About Unpaywall
Unpaywall, developed and maintained by the team of OurResearch, is a non-profit service that finds open access copies of scholarly literature by looking up a DOI (Digital Object Identifier). It not only returns open access full-text links, but also helpful metadata about the open access status of a publication such as licensing or provenance information.
Unpaywall uses different data sources to find open access full-texts including:
- Crossref: a DOI registration agency serving major scholarly publishers.
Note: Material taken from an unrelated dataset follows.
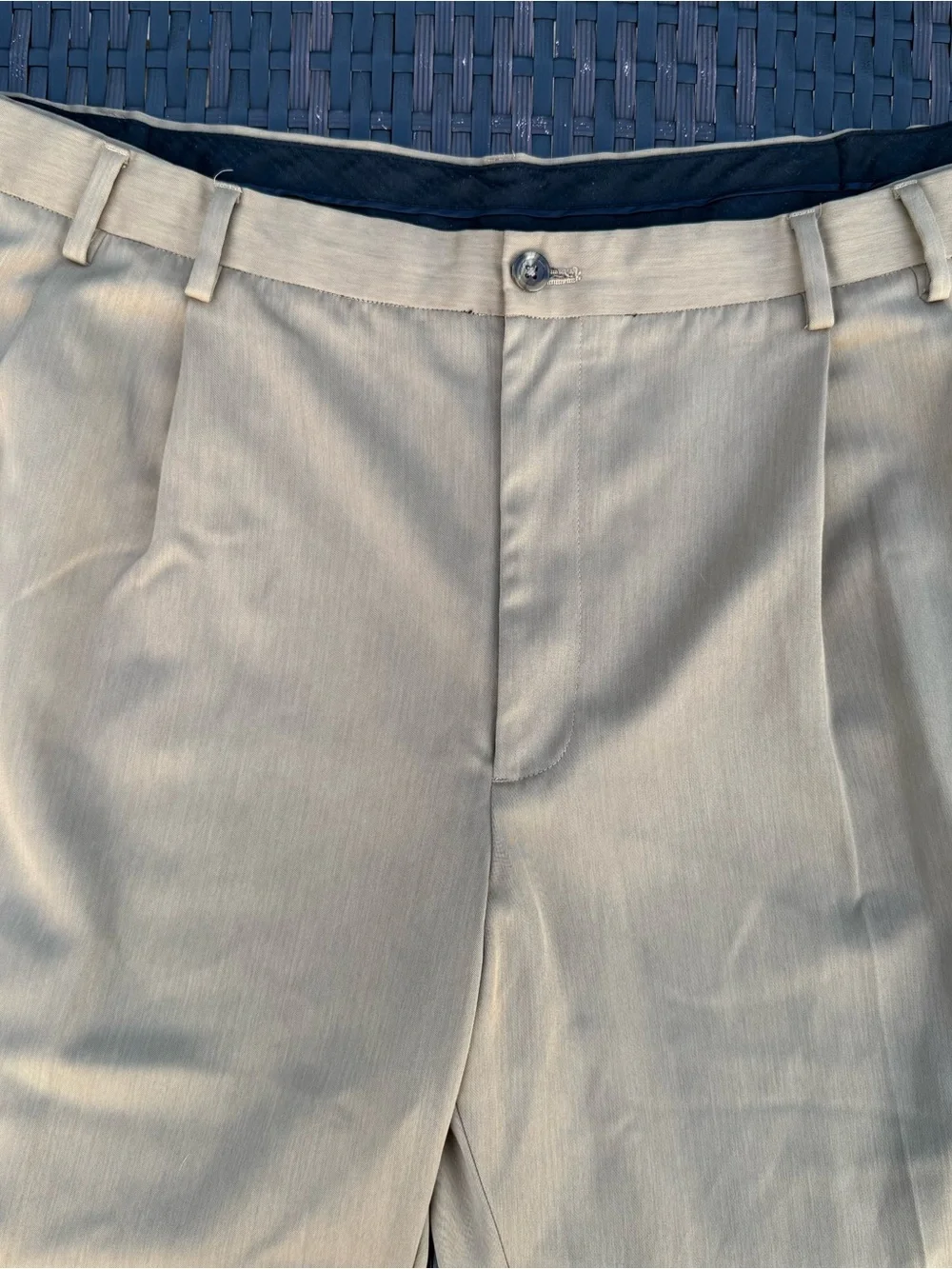 Izod Men's Khaki Pleated Front Chinos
- Directory of Open Access Journals (DOAJ): a registry of open access journals
- Various OAI-PMH metadata sources. OAI-PMH is a protocol often used by open access journals and repositories such as arXiv and PubMed Central.
See Piwowar et al. (2018) for a comprehensive overview of Unpaywall.
Basic usage
There is one major function to talk with Unpaywall,
oadoi_fetch()
, taking a character vector of DOIs and your
email address as required arguments.
library(roadoi)
roadoi::oadoi_fetch(dois = c("10.1186/s12864-016-2566-9",
"10.1103/physreve.88.012814"),
email = "najko.jahn@gmail.com")
## # A tibble: 2 × 21
## doi best_oa_location oa_locations oa_locations_embargoed data_standard is_oa
## <chr> <list> <list> <list> <int> <lgl>
## 1 10.1… <tibble> <tibble> <tibble [0 × 0]> 2 TRUE
## 2 10.1… <tibble [1 × 9]> <tibble> <tibble [0 × 0]> 2 TRUE
## # ℹ 15 more variables: is_paratext <lgl>, genre <chr>, oa_status <chr>,
## # has_repository_copy <lgl>, journal_is_oa <lgl>, journal_is_in_doaj <lgl>,
## # journal_issns <chr>, journal_issn_l <chr>, journal_name <chr>,
## # publisher <chr>, published_date <chr>, year <chr>, title <chr>,
## # updated_resource <chr>, authors <list>
What’s returned?
The client supports API version 2. According to the Unpaywall Data Format, the following variables with the following definitions are returned:
Column | Description |
---|---|
doi |
DOI (always in lowercase) |
best_oa_location |
list-column describing the best OA location. Algorithm prioritizes publisher hosted content (e.g. Hybrid or Gold) |
oa_locations |
list-column of all the OA locations. |
oa_locations_embargoed |
list-column of locations expected to be available in the future based on information like license metadata and journals’ delayed OA policies |
data_standard |
Indicates the data collection approaches used for this
resource. 1 mostly uses Crossref for hybrid detection.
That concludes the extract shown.